* _Exercise prompt_
Can you transcribe the data exactly? Leave the pictures out.

* _Available data_

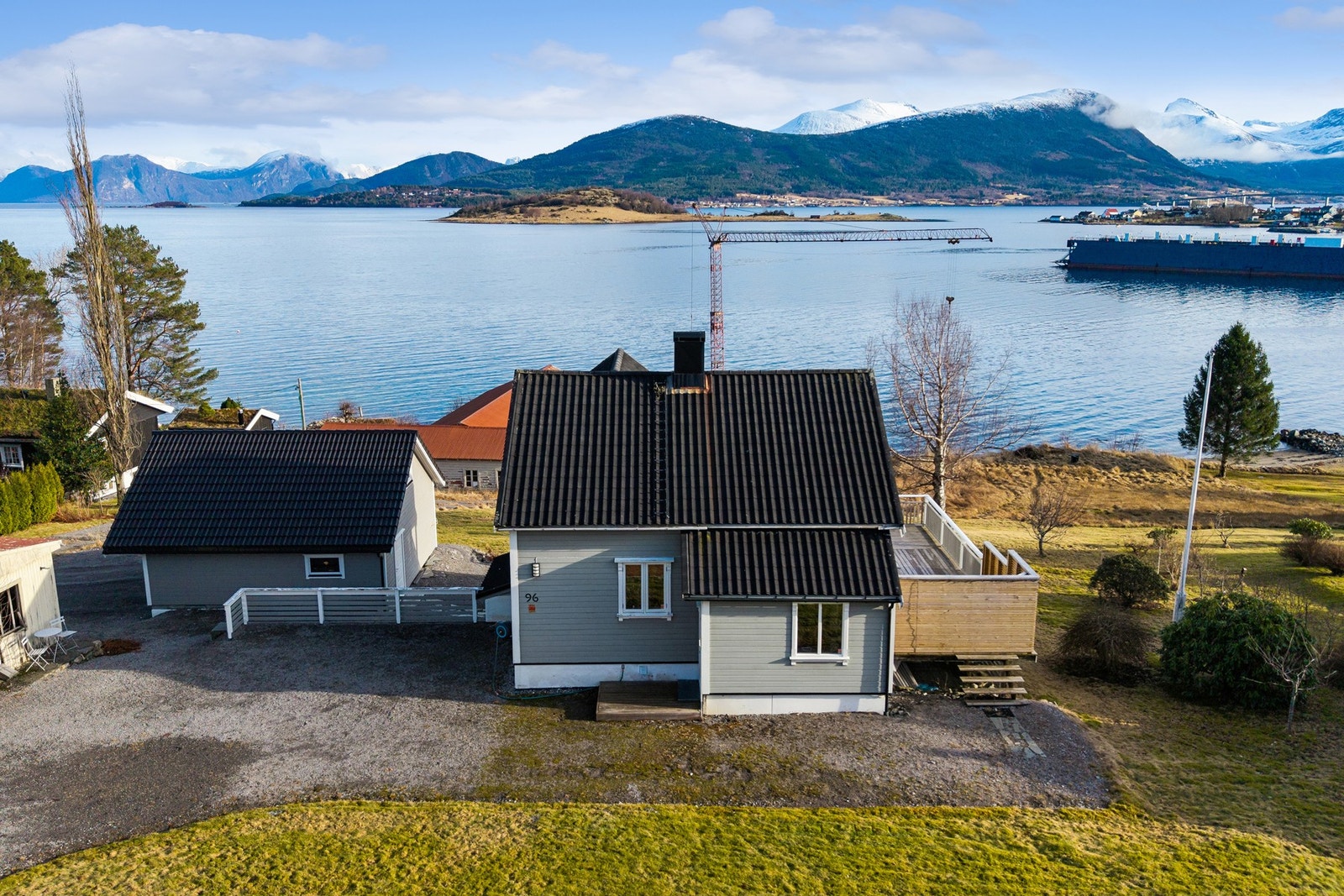 Det er god boltringsplass på eiendommen, opparbeidet med hage, terrasser og gårdsplass. Galleribilde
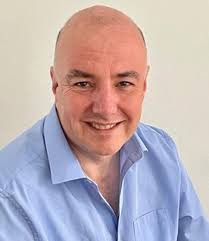 Stephen Cutts's Instagram, Twitter & Facebook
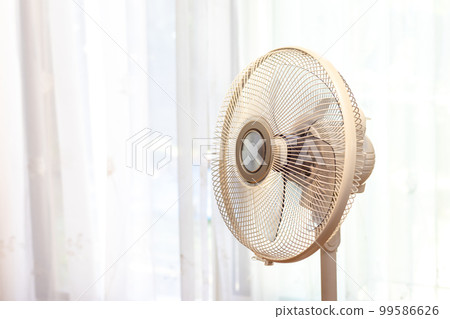 Fan that rotates the blades 99586626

* _Task answer_
 Det er god boltringsplass på eiendommen, opparbeidet med hage, terrasser og gårdsplass. Galleribilde
 Stephen Cutts's Instagram, Twitter & Facebook
 Fan that rotates the blades 99586626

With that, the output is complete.